ただし、こまめに掃除している施設ではあえて落としていることもあるため、これだけで判断するのは難しい。
ポイント3:浴室内に「塩素臭」はあるか
循環ろ過を行っている施設では、衛生管理のために塩素を投入することが義務付けられている(泉質によって異なる)。この塩素がプールのような匂いを放つことがある。
源泉かけ流しの施設では、塩素投入が不要か最小限で済むため、浴室に入った瞬間に硫黄・鉄・塩分などの「温泉本来の匂い」がする。「良い温泉は匂いから始まる」とよく言われるのは、こういう意味だ。
「プールの匂いがしたら、それは温泉の匂いではない」
ポイント4:「源泉かけ流し」の表示を確認する
施設の入り口や浴室内に「源泉かけ流し」の表示がある場合、それは一定の基準を満たしている証だ。ただし、表示の定義があいまいな場合もある。「かけ流し」と「加水あり」を同時に表示している施設もある。
より確実な確認方法は、入浴の前に受付スタッフに直接聞くことだ。「この湯は源泉かけ流しですか?加水や循環はありますか?」と聞けば、多くの施設は正直に答えてくれる。それを嫌がる施設には警戒が必要だ。
ポイント5:湯の色・濁り・浮遊物を観察する
源泉かけ流しの温泉には、しばしば「湯の花」が浮遊している。白や黄色の綿くずのような浮遊物は、温泉成分が析出した無害な物質だ。これが浮いている湯は、成分が豊富でかけ流しである証拠のひとつだ。
また、温泉の色も泉質によって様々だ。白濁(硫黄)、茶褐色(鉄分)、黄緑(硫化水素)、透明(単純温泉・塩化物泉)——それぞれに意味がある。無色透明の湯でも優れた成分を持つものは多いが、色や濁りは「生きている温泉」のサインだ。
ポイント6:湯温が高めか(または低めか)
本来の源泉温度が保たれていることは、品質の証だ。通常40〜43℃前後が快適な入浴温度とされるが、源泉の温度がそれより低い場合は加温が必要になる。逆に高すぎる場合は加水して冷ますこともある。どちらも「悪い」わけではないが、加温・加水があることを知っておくことで、温泉の「素顔」への理解が深まる。

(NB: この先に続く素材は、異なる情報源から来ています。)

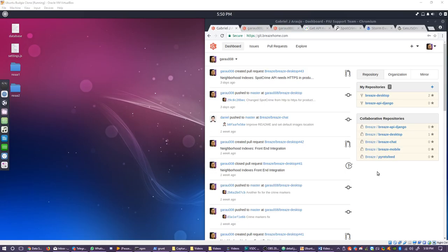Welcome. This video will explain how to successfully install and maintain the neighborhood indexes modules for BreezeHome. Links to any files or keys you may need will be provided in the video's description.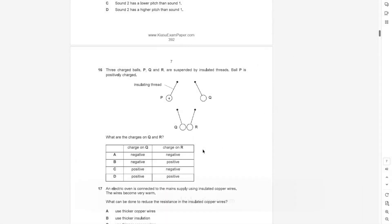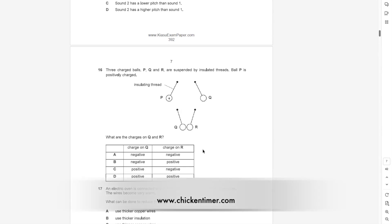There are three balls — they are charged and suspended by insulating threads. If P is positively charged, then P repels Q, so PQ interaction would be positive, meaning Q is also positive. This repulsion pushes them down.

地方の共同浴場では「熱すぎて入れない」ほどの源泉かけ流しに出会うことがある。それは温度管理よりも「源泉の鮮度」を優先している証拠でもあり、温泉愛好家にとっては最高の出来事だ。
ポイント7:「温泉分析書」を読む
多くの温泉施設では、浴室内か脱衣所に「温泉分析書」が掲示されている。これは行政への届出書類の写しで、源泉の温度・pH・成分一覧が記載されている。少し専門的に見えるが、注目すべきは「加水の有無」「循環ろ過の有無」の記載だ。
分析書に「加水あり」と書かれていても、それ自体が悪いわけではない。ただ「加水なし・循環なし・加温なし」がすべて揃っている場合、その施設は本物の源泉かけ流しを提供していると判断できる。
これらのポイントをすべて確認するのは、実際には難しい。だが2〜3点でもチェックする習慣をつけると、温泉の「読み方」が変わってくる。施設のこだわりが見えてきて、同じ料金の温泉でも「どこに行くか」の選択が研ぎ澄まされていく。温泉をもっと深く楽しむための、知識の第一歩だ。